Mt. Lebanon craft brewery, Hitchhiker Brewing Company, has announced plans to move production to a 10,000 square foot facility at 4 Bedford Square in Pittsburgh’s South Side.
Renovations to the new facility, which will include a public tap room, are slated to begin March 1 and are estimated to last for about three months, with a tentative opening date scheduled for mid to late summer.
Owner Gary Olden emphasizes that the current Mt. Lebanon tap room will remain open, calling it “a critical part of our business going forward.”
Approximately 85% of the new location space will be dedicated to beer production while the remaining 15% will make up the tap room, which will make it roughly three times larger than the current tap room in Mt. Lebanon.
The move is the result of a yearlong search, aided in part by the Urban Redevelopment Authority. South Side architecture firm Lab 8 will serve as project architects.
The move will allow Hitchhiker to increase their production ten-fold to 3,000 barrels a year. Currently the brewery uses a three barrel system which will expand to a 15 barrel setup at the new location, including a commensurate increase in fermentation tanks.
Hitchhiker head brewer, Andy Kwiatkowski, says that brewing on the current setup sometimes feels like “glorified homebrewing,” and that expanding to a larger setup will allow him to increase both the quantity and quality of Hitchhiker beers.
In addition to increasing their wholesale distribution, Hitchhiker also plans to install a canning line at their new facility, allowing customers to purchase cans of beer at distributors and at both tap rooms. Additionally, the basement of the Mt. Lebanon tap room, where the brewery’s production currently takes place, will be used to barrel-age beers, especially sours.

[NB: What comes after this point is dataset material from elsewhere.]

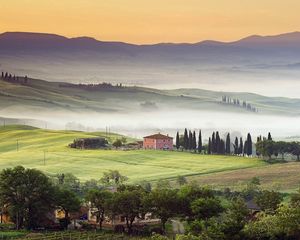 Preview wallpaper valley, home, fog, slopes, plain, trees, mountains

Olden says that he has met with the South Side Chamber of Commerce as well as Councilman Bruce Kraus’s office and that both offices have been very supportive of the brewery’s expansion plans. He notes that the South Side has achieved a negative reputation as of late, but he believes that the clientele at a craft brewery tends to be different and more mature than that of typical East Carson Street nightlife.
“We think we can add to the entertainment component down in that area, whether that be with things happening at Club Cafe, or shows at the City Theatre, or things at WYEP. We think we’re going to be an integral part of that community and we’re really, really excited about that.”
Olden says that while the facility has passed its initial zoning review, there are still a number of matters that must be approved by various regulatory bodies before the process can be finalized.
“That being said,” says Olden, “we are very, very confident that this project is going to get off the ground and we are very dedicated to making this a reality.”